Pour un comité de direction, ce type de visualisation est extrêmement utile. Il permet d’expliquer simplement pourquoi deux opérations juridiquement proches peuvent produire des effets fiscaux très différents. Une TUP de filiale bénéficiaire a souvent un effet haussier sur l’IS immédiat. Une TUP d’entité déficitaire ou lourdement provisionnée peut au contraire réduire ou décaler la charge fiscale, sous réserve des règles applicables.
Bonnes pratiques pour sécuriser un calcul IS TUP
- Préparez un dossier de travail séparant clairement données comptables, retraitements fiscaux et hypothèses juridiques.
- Faites valider les déficits imputés et leur disponibilité documentaire avant toute communication interne.
- Contrôlez la date d’effet et l’exercice de rattachement pour éviter une double comptabilisation ou un oubli de résultat.
- Conservez la justification du taux réduit PME si vous l’appliquez dans le budget ou dans une note de synthèse.
- Testez plusieurs scénarios de sensibilité, notamment si des provisions, litiges ou valorisations sont encore incertains.
Limites du simulateur et quand demander un avis professionnel
Le présent outil est conçu pour une estimation pédagogique et opérationnelle.

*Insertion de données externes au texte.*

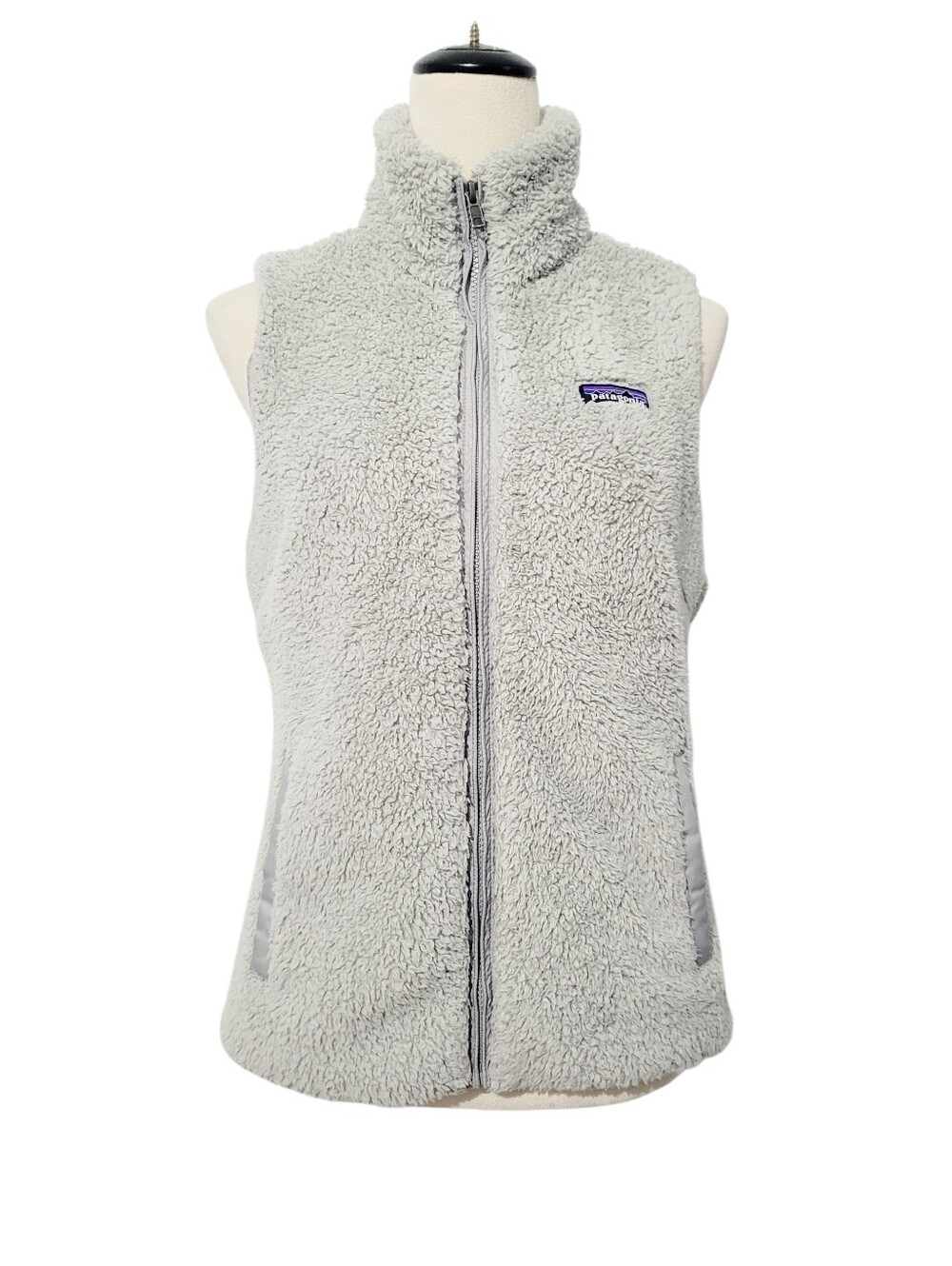 Patagonia Women's Fuzzy Los Gatos Sherpa Fleece Vest Gray Full Zip Medium - Picture 2 of 12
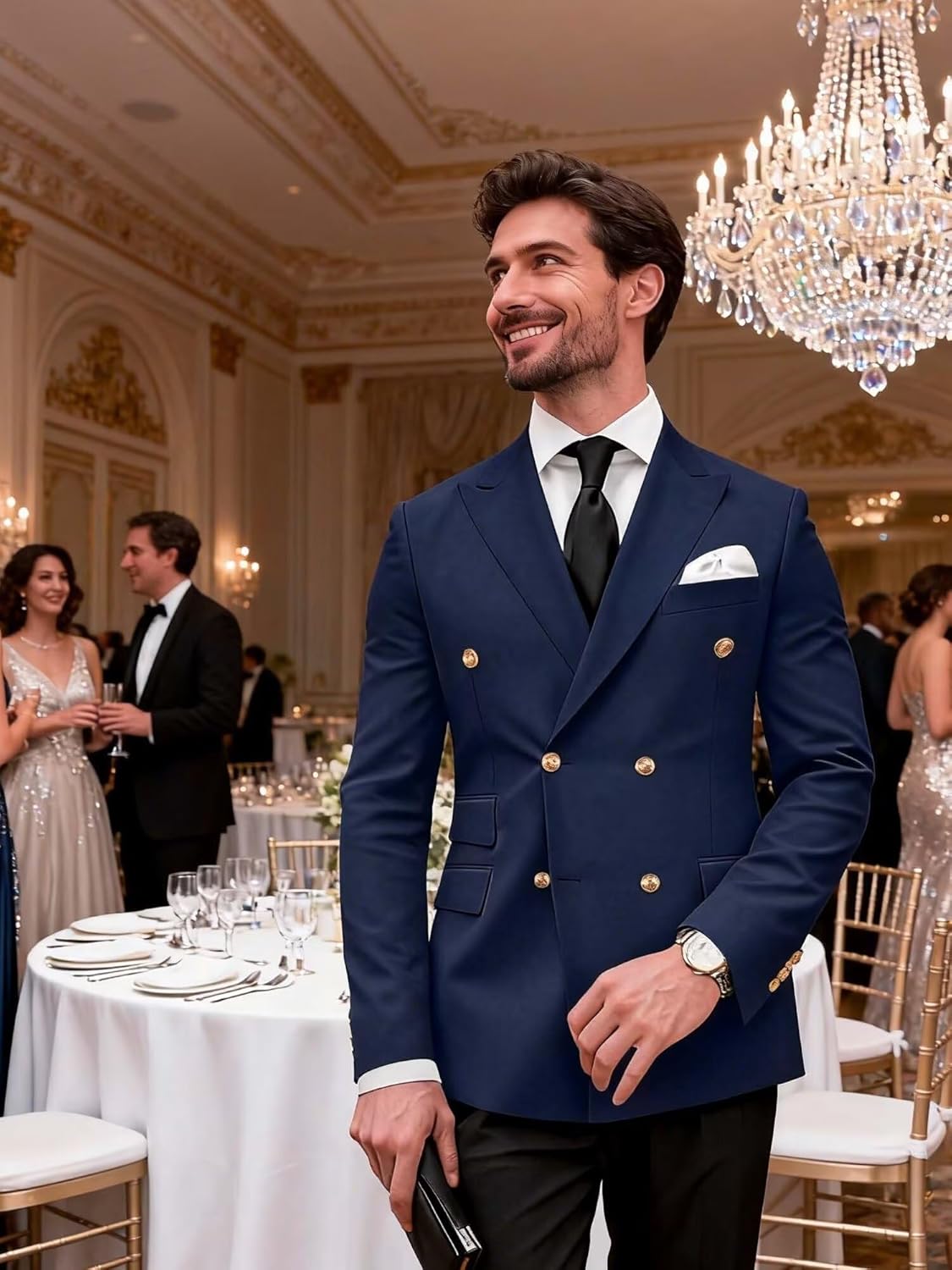 Mens Blazer Double Breasted Suit Jacket for Men Slim Fit Sports Coat, Blazer for Men Wedding Business Prom Party
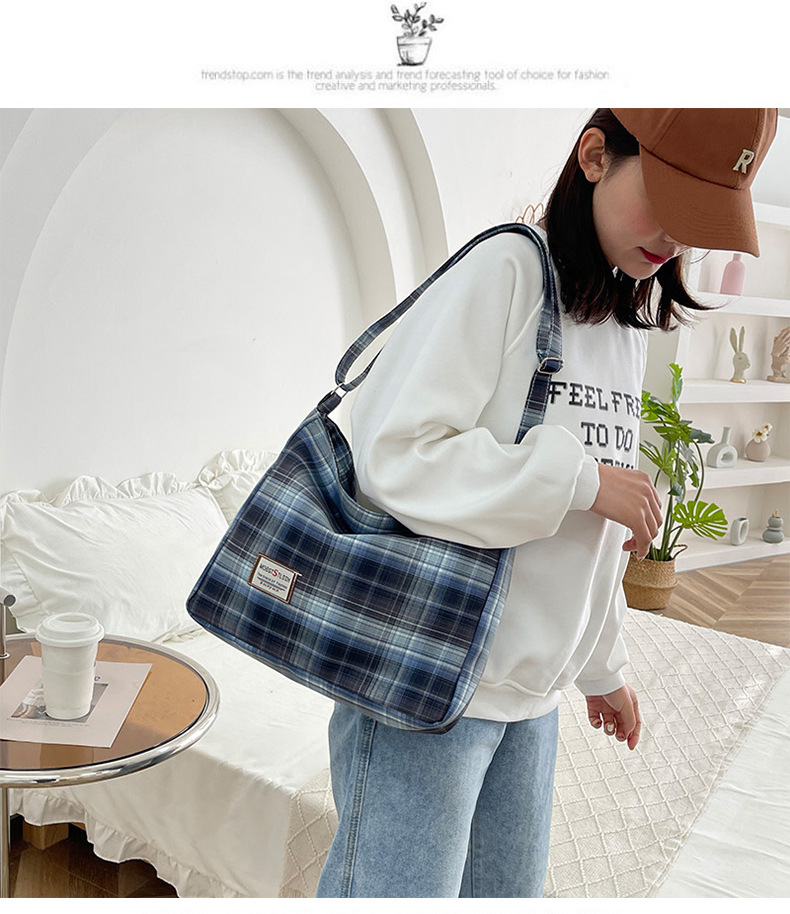 2022 New single-shoulder women's trendy checkered Korean style versatile crossbody bag for boys and girls, textbook bag Item Picture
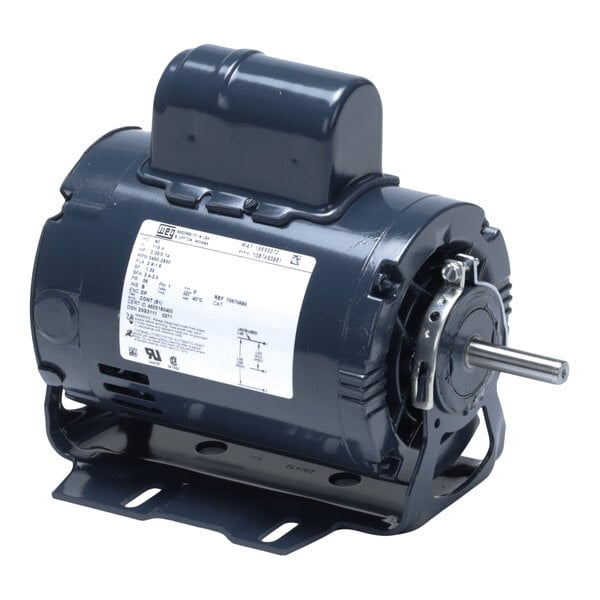 A dark-colored electric motor with a cylindrical body, a mounting base, a protruding shaft, and a label with technical specifications.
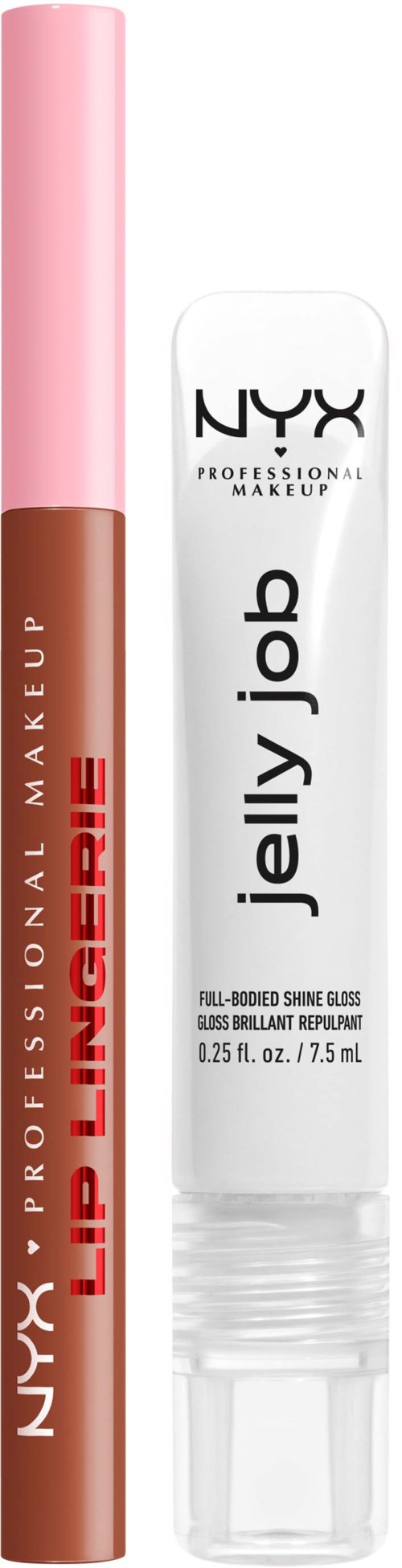 Een lipgloss in een doorzichtige tube met roze dop, merknaam NYX en Jelly Job.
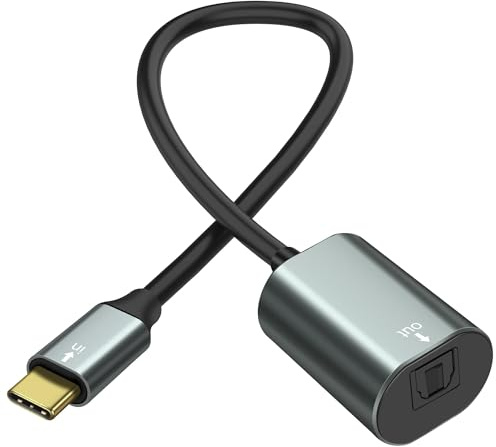 XMSJSIY Cable de audio óptico USB tipo C a SPDIF macho tipo C macho a TOSLINK hembra PCM adaptador de audio estéreo convertidor para ordenador portátil MacBook – 30 cm / 11,8 pulgadas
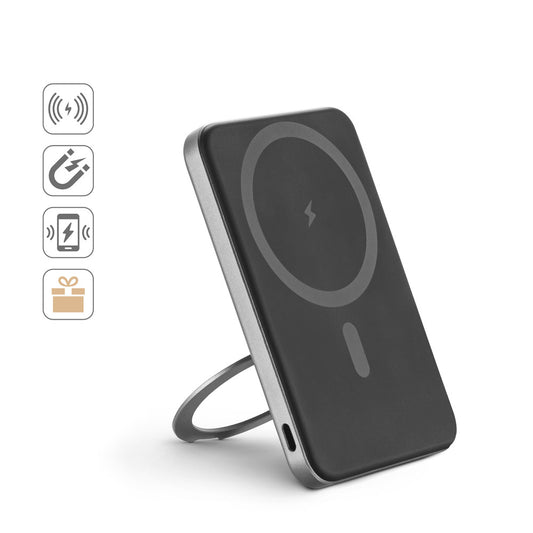 WARSHEL 5. Power bank magnética 5'000 mAh com carregador wireless super rápido 15W em ABS reciclado (100% rABS) com suporte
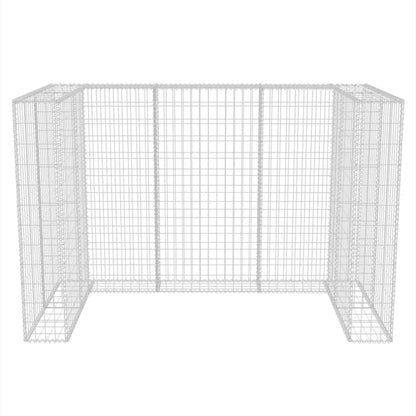 Gabionen-Mülltonnenverkleidung für 2 Tonnen Stahl 180x100x120cm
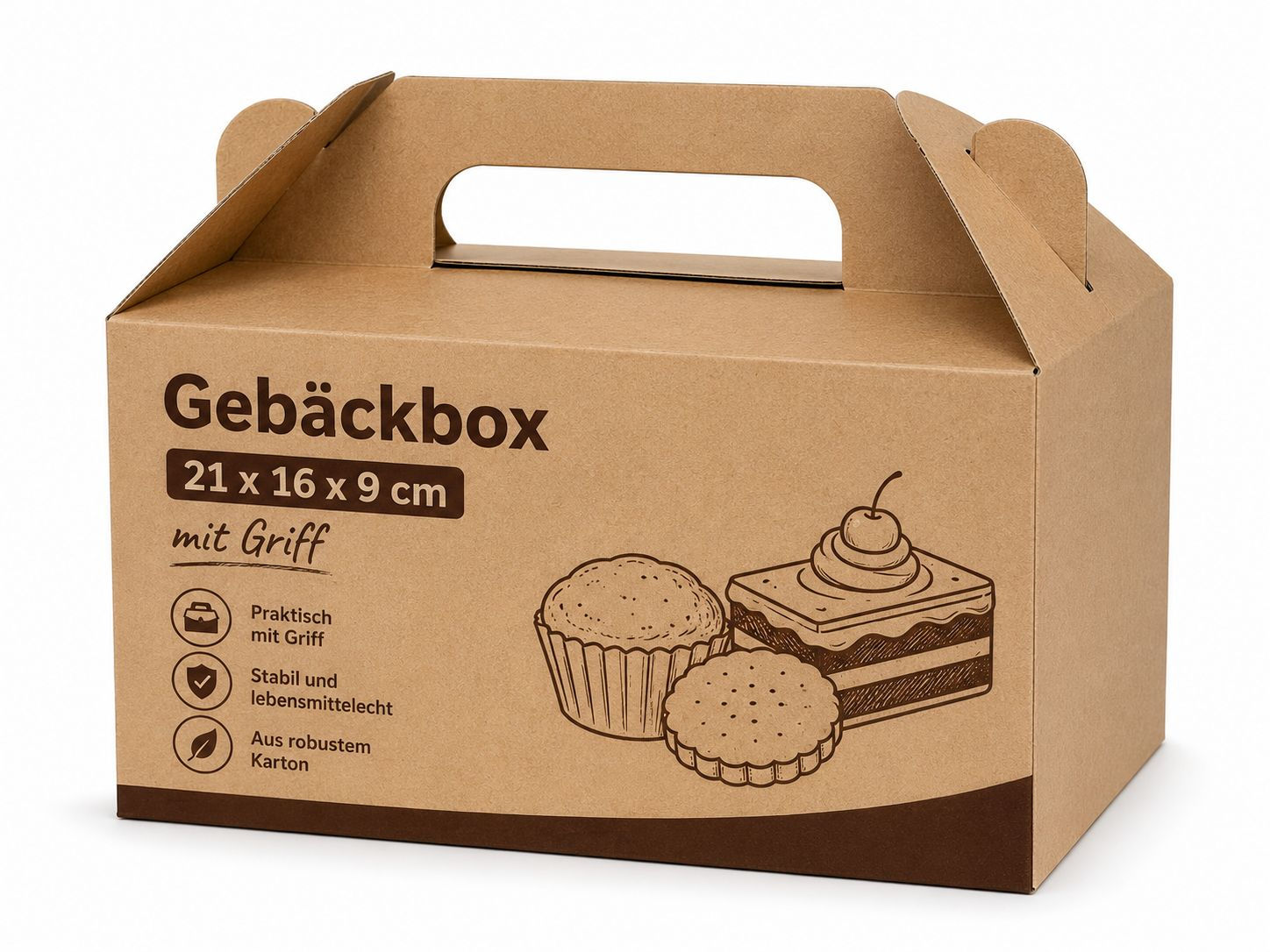Gebäckbox 21 x 16 x 9 cm, mit Griff, braun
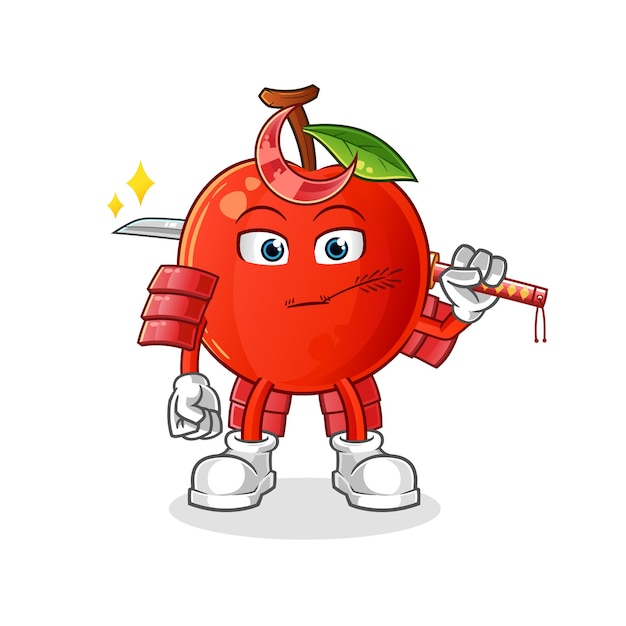 La caricatura de cherry samurai. mascota de dibujos animados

Il ne couvre pas tous les cas de figure, notamment les régimes spéciaux, les traitements complexes de plus-values, les rectifications liées à l’intégration fiscale, les questions de réévaluation d’actifs, la contribution sociale additionnelle, les problématiques internationales ou les particularités des holdings et des groupes fortement restructurés. Si les montants sont significatifs, si la filiale dissoute possède des actifs sensibles, ou si des déficits importants sont en jeu, un avis d’expert-comptable ou d’avocat fiscaliste reste indispensable.
En pratique, le meilleur usage de ce calculateur est le suivant : établir une première estimation, identifier les postes qui expliquent la variation d’IS, préparer une note de synthèse, puis soumettre le dossier à revue. Cette séquence permet de gagner du temps tout en améliorant la qualité de la décision. Une TUP bien documentée n’est pas seulement une opération de simplification juridique ; c’est aussi un exercice de maîtrise de l’assiette fiscale et de pilotage de trésorerie.